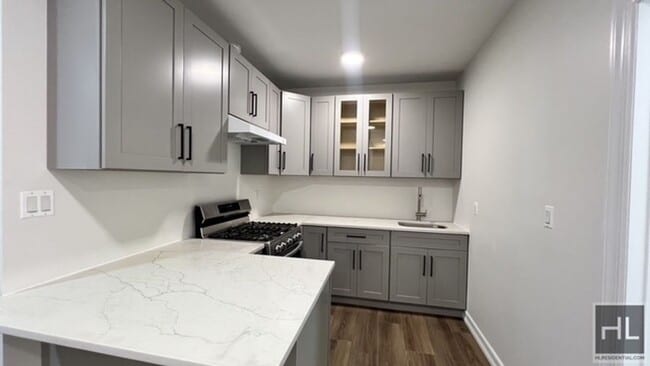 Photo - EAST 55th STREET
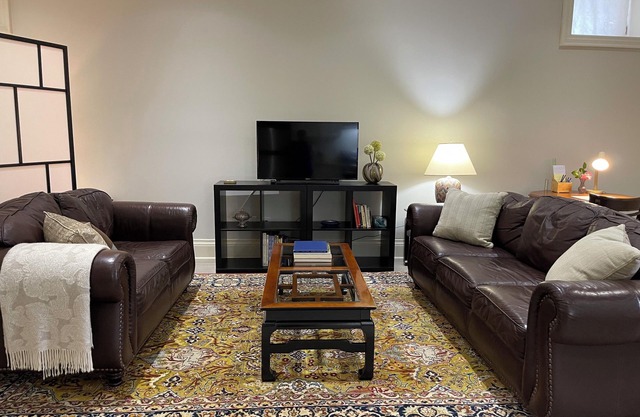 Spacious Open Concept APT in Little Italy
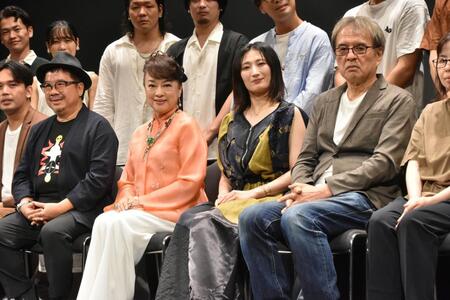 　セレモニーに参加したジュディ・オング（左から２人目）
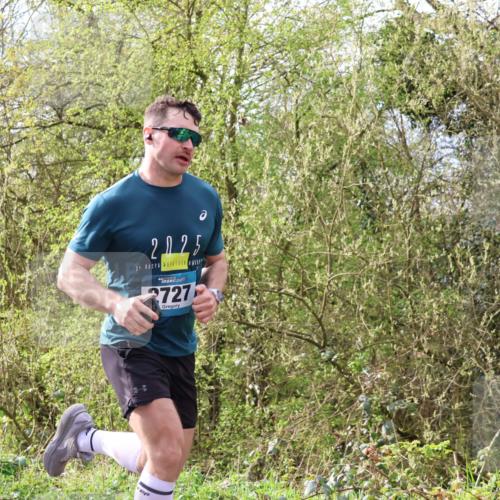12.04.2026 - 45. Internationalen Wilhelmsburger Insellauf Yannick Fuchs http://msf.ph/oto/9474535 12.04.2026 10:06:38 Laufen 2225, 39, 2727 meine-sportfotos.de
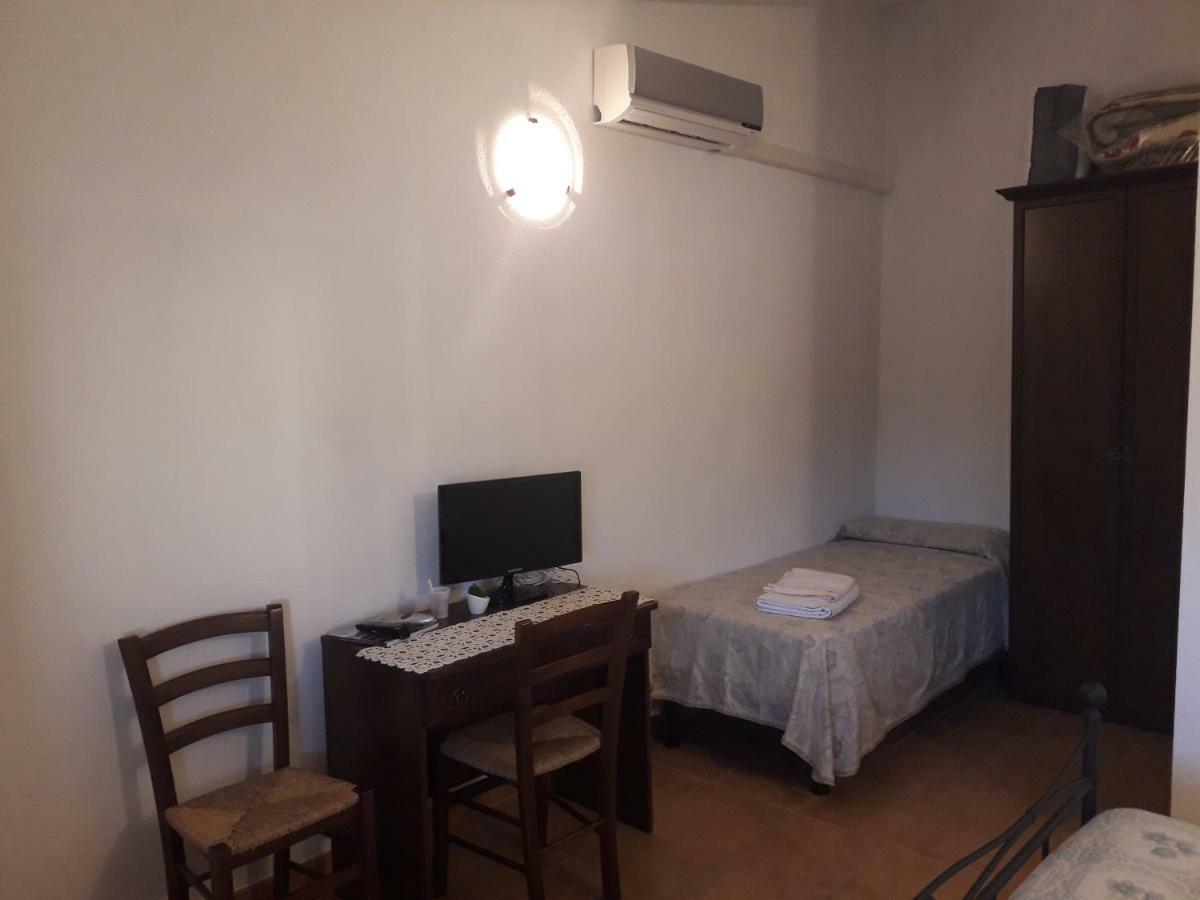 Agriturismo Sa E Padedda Mores Eksteriør billede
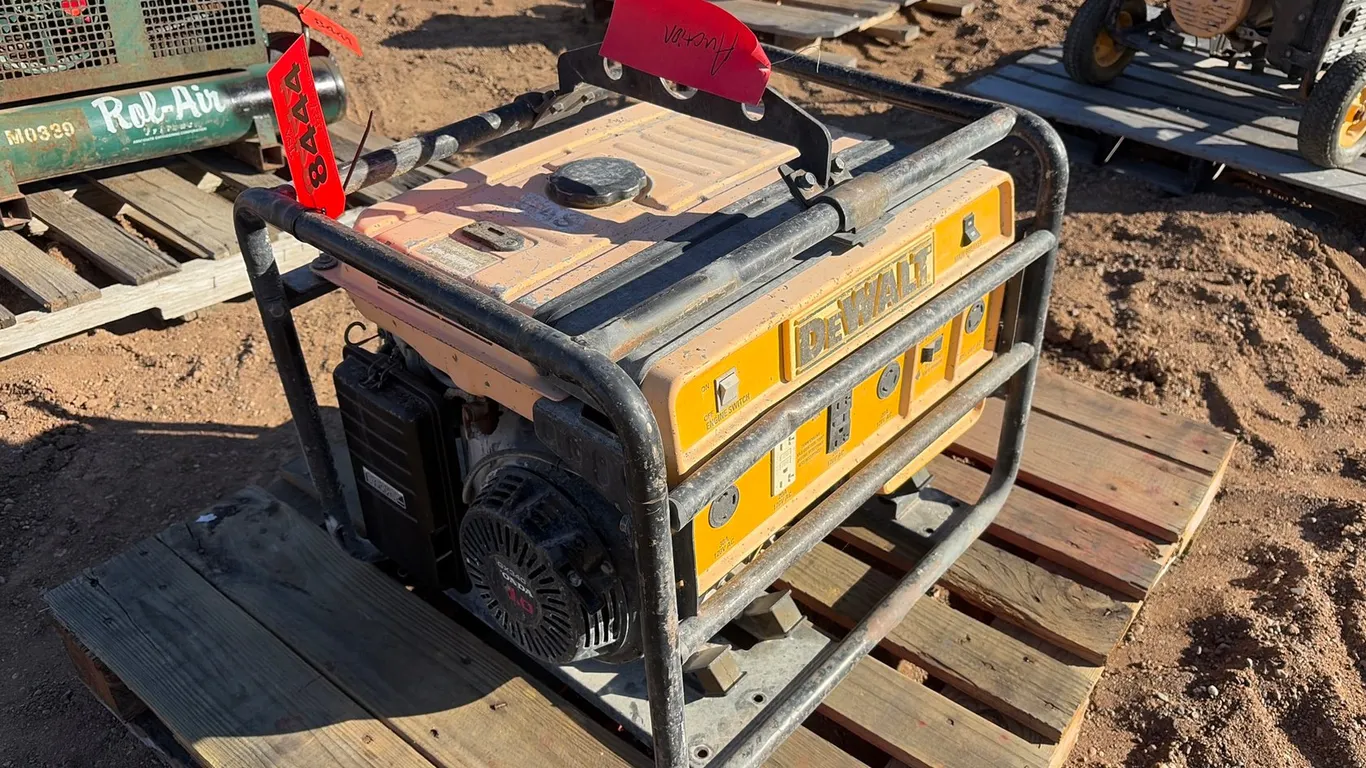 DeWalt DG6000 Portable Generator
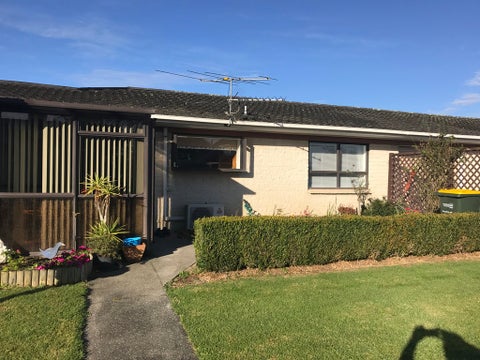 2/108 Edinburgh Street, Pukekohe, Pukekohe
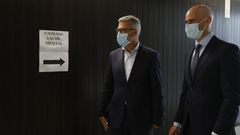 Luis Verde y Jose Flores, gerentes del �rea sanitaria y del Sergas, respectivamente, visitaron la nueva unidad de salud mental del centro de salud A Covada, en Oleiros (A Coru�a)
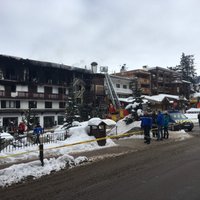 Ugunsgrēkā Francijas Alpos gājuši bojā divi cilvēki; 22 ievainoti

■ Exercise aim: Write the records out again exactly; none of the pictures belong in the copy.

■ Exercise output:
 Photo - EAST 55th STREET
 Spacious Open Concept APT in Little Italy
 　セレモニーに参加したジュディ・オング（左から２人目）
12.04.2026 - 45. Internationalen Wilhelmsburger Insellauf Yannick Fuchs http://msf.ph/oto/9474535 12.04.2026 10:06:38 Laufen 2225, 39, 2727 meine-sportfotos.de
 Agriturismo Sa E Padedda Mores Eksteriør billede
 DeWalt DG6000 Portable Generator
 2/108 Edinburgh Street, Pukekohe, Pukekohe
 Luis Verde y Jose Flores, gerentes del �rea sanitaria y del Sergas, respectivamente, visitaron la nueva unidad de salud mental del centro de salud A Covada, en Oleiros (A Coru�a)
 Ugunsgrēkā Francijas Alpos gājuši bojā divi cilvēki; 22 ievainoti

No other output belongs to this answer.